Virginia informs software vendors how much its willing to pay…Mountain town left out in the cold…Snubbing the Veterans’ (software)…State and local gov’ts go to the bank…Not all of them, though…LA County child support staff being run ragged…AZ looks to Twitter, Facebook for asthma fix…
Information Technology contractors for the state of Virginia have agreed to rollback their rates by ten percent, the Richmond Times-Dispatch reports. Virginia expects to save about $2 million in IT costs through 2010, but the rollback will affect about 250 vendor companies. “It comes out of our bottom line,” said Shanta Patel, president of Pragmatic Solutions Inc. The $2 billion Northrop Grumman program will not be affected, according to the original report, and nothing was mentioned as part of this update. The state will also look to recompete and consolidate its IT programs this summer as part of a broader overhaul.
The Denver Post reports that a contract between the state of Colorado and Qwest Communications, worth $37 million, to connect every county seat with high-speed Internet expires next year. And one county seat, Silverton, is still without reliable connectability. “This is the highway of information, and the highway has bypassed us,” said Silverton Trustee Pat Swonger. The city is now suing, arguing the town is legally entitled to the link, though Qwest spokespeople have said the company has met its obligations.
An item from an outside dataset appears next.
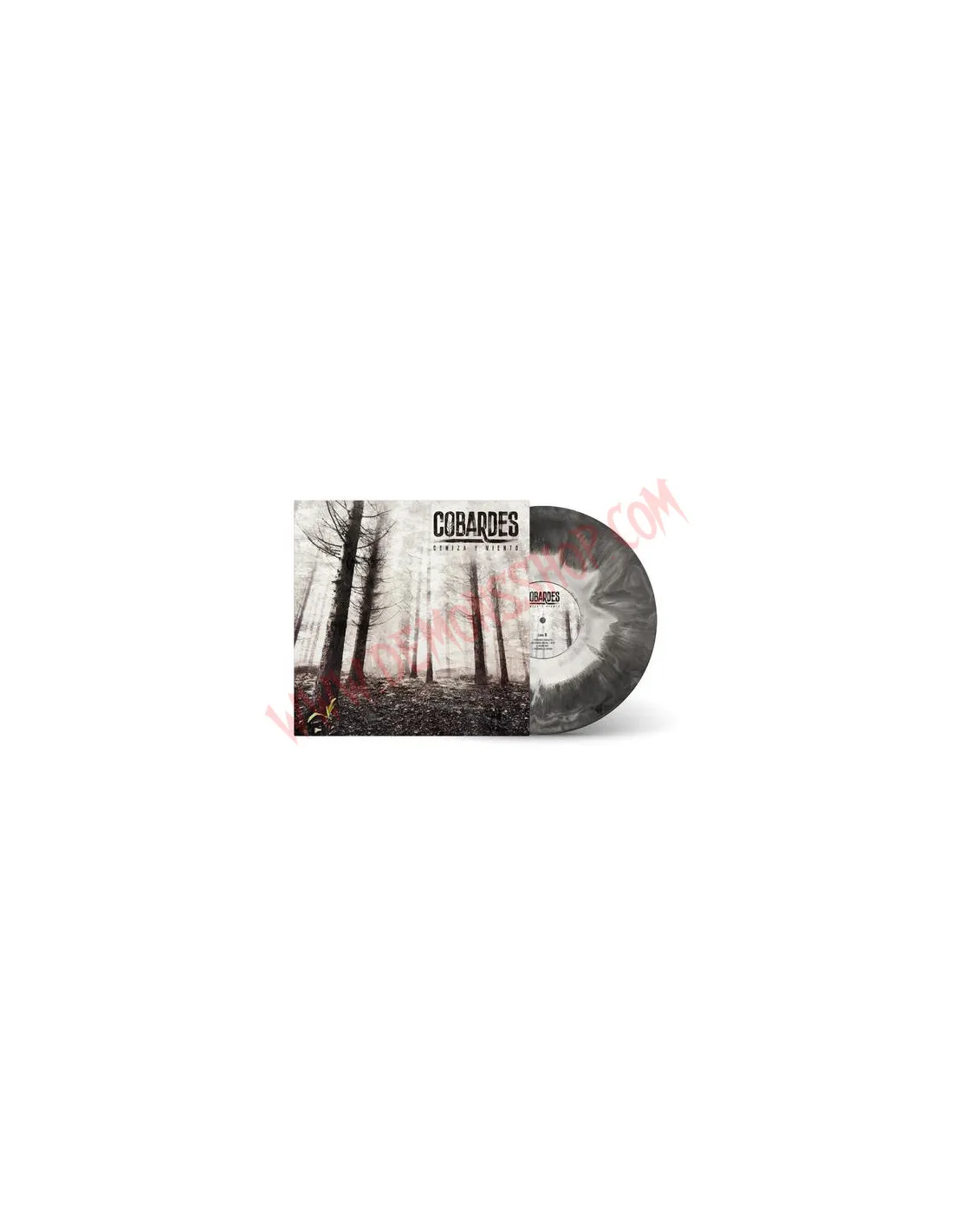 VINILO LP COBARDES  CENIZA Y VIENTO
West Virginia is developing their electronic health records system using the Veterans Administration’s open-source platform, called VistA. The Boston Globe reports that very few US hospitals have taken advantage of the VA’s software, despite the cheap price tag. “I would think there would be a tremendous opportunity for using this as a platform, particularly for smaller hospitals that have a real challenge in coming up with the money for electronic medical records,” said Dr. William Weeks, an associate professor at Dartmouth Institute for Health Policy and Clinical Practice and Veterans Administration psychiatrist in Vermont. But other industry experts argue that persuading hospital executives to buy into a system without a large salesforce to promote it. “The business software alliance lobbies against any open-source provisions,” Edmund Billings, Medsphere’s chief medical officer, said.
USA Today reports that states are borrowing heavily to finance spending – $53.5 billion in the first quarter of 2009, in fact. “Governments with good ratings can borrow as much as they like at some very good rates,” says Steve McLaughlin, executive director of Municipal Market Advisors, a research company. But some worry that all the spending could come back to have a negative effect for future generations. “People ask, ‘If we’re in a recession, why are we building a library?’ ” McLaughlin says. “The money is available, but there’s political risk.”
The Wall Street Journal this morning reports how the decision to reject or take stimulus funds at the city or county level is exposing deep philosophical differences among leaders and townspeople. The case and point is the town of North Platte, Nebraska who refused about $600,000 from the Housing and Urban Development administration, causing an uproar among council members and public housing advocates.
The recession is driving unemployment, which is driving a steep increase in child support cases, the Los Angeles Times reports. In L.A. County, almost 450 new cases are filed each day, along with 3,000 calls from custodial parents asking child support staffers to crack down on deadbeats. It’s “the worst avalanche of new cases” family court judges and commissioners have seen in 30 years, the paper reports. “I have never seen the situation as bad as it is now,” said Christine Reiser-Juick, lead attorney at the state-run Office of the Family Law Facilitator in Los Angeles County Superior Court’s Central Civil West Courthouse, which helps parents who cannot afford to hire attorneys.
Arizona’s Department of Education, Environmental Quality and Health Services, the US EPA, Arizona State University and the John F. Kennedy School of Government at Harvard have been working to develop a program to notify asthmatic children and the elderly about high-pollution advisories, the Arizona Republic reports. The system will use Twitter, text-messages and Facebook as part of its notification efforts. “For some time, we’ve looked beyond traditional notification systems,” said Patrick Cunningham, interim director of the state Department of Environmental Quality. The Asthma and Allergy Foundation of America says 4,000 deaths a year in the United States are due to Asthma attacks and they contribute to 7,000 more.